Calgary mom fears 2-month vaccination wait will put her baby at risk

Courtney Gee missed her four-month-old daughter's immunization appointment this week because her baby has the flu, but when she called to reschedule she was shocked to be told the next available appointment is in May.

'It feels like it's not a priority for the province that these kids are vaccinated on time,' she says

A Calgary mom is frustrated she has to wait months for her daughter's vaccine, putting her behind her immunization schedule. (Sean Gallup/Getty Images)

Courtney Gee missed her four-month-old daughter's immunization appointment this week because her baby has the flu, but when she called to reschedule she was shocked to be told the next available appointment is in May.

Courtney Gee worries she won't be able to get her daughter vaccinated on schedule. (Alleisha Formenti, White Space Photography Boutique)

Alberta Health Services has been urging parents to ensure children are up to date on their vaccinations, with measles outbreaks plaguing both Vancouver and Washington state, so Gee was frantic to get her daughter in as she's due for three boosters and one new vaccine.

She called around to other public health clinics, but was told she's only allowed to have her name on one wait list in the city. 

"I was pretty upset. It's been a battle," said Courtney Gee. "It feels like it's not a priority for the province that these kids are vaccinated on time. So then it becomes a question for the parents, is this a priority for me?"

She said she spoke to a group of friends who are also mothers, and they've been encountering the same issue, putting their children behind on their vaccination schedule as well.

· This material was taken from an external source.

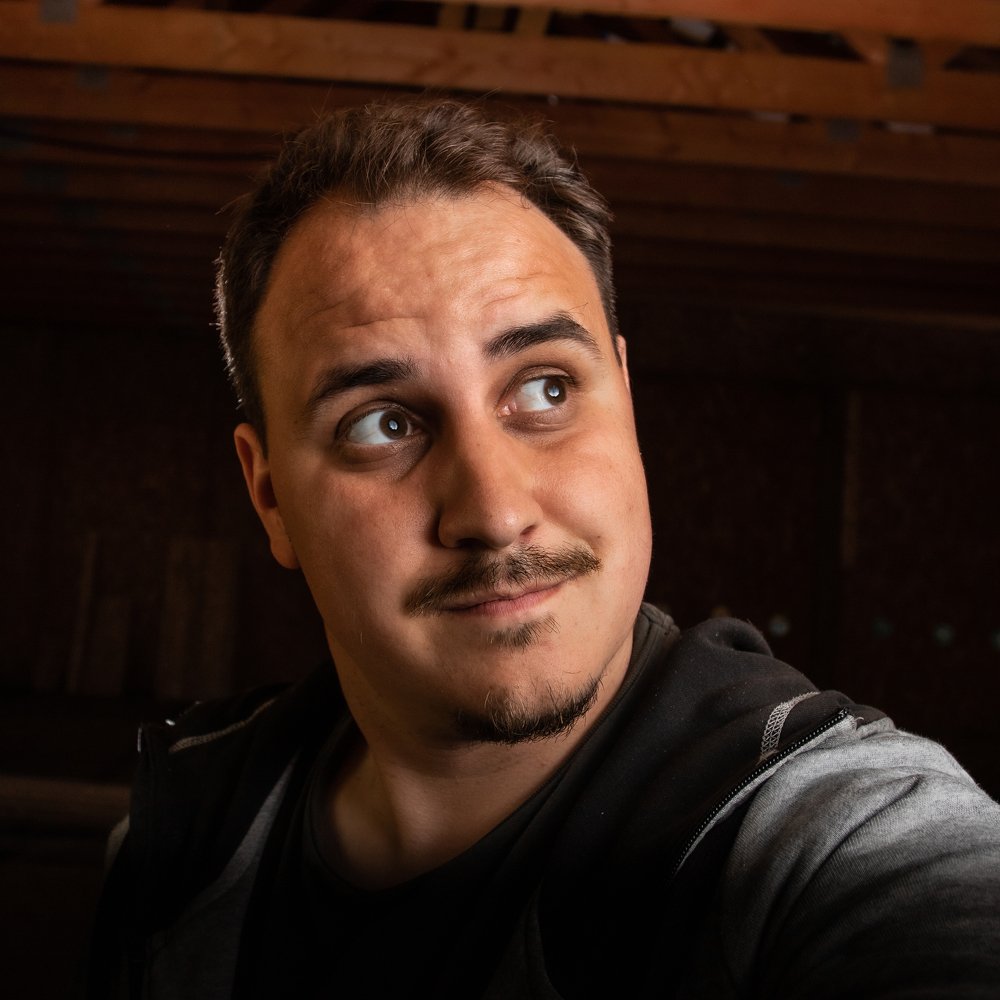 Photograph by Александр Евграфов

Gee said her sister ended up driving more than an hour to Okotoks from her home in north Calgary to vaccinate her daughter on time.

"Every time you delay spacing them more, you're further and further behind," she said.

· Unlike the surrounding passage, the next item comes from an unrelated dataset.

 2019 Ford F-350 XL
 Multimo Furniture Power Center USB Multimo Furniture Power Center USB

Gee fears with anti-vaccine sentiment gaining in popularity her children are more at risk of getting sick.

The government aims for vaccination rates in the 95-98 per cent range, but some vaccine immunization rates for children in Calgary were as low as 68 per cent in 2017 and only a handful were in the 95 per cent range.

This isn't a new problem.

Last summer, CBC News spoke to other Calgary parents who raised concerns their children's vaccines would be months behind. And in 2014, AHS told CBC News wait times were creeping up as high as 74 days for routine immunization appointments.

At the time, AHS said it was looking at centralizing its booking system to try to minimize wait lists, a system Edmonton already has in place.

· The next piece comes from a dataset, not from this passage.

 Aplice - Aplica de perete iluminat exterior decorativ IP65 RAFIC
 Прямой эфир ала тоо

In Edmonton, appointments are handled centrally by the 780-401-BOOK telephone hotline.

[It] is so frustrating to read all of these articles and all of these quotes about our health authorities saying it's really important that people get vaccinated.- Courtney Gee, Calgary mother

AHS said it continues to look at implementing a similar system.

"Our goal is always to make the immunization process as easy and convenient as possible," AHS said in an emailed statement, adding that waits in Calgary can be more than three weeks.

AHS also said children old enough, and eligible, can be immunized at school. 

But that doesn't help Gee or her daughter.

"We're finding it very hard," she said.

"[It] is so frustrating to read all of these articles and all of these quotes about our health authorities saying it's really important that people get vaccinated. This should be a warning call for people," Gee said.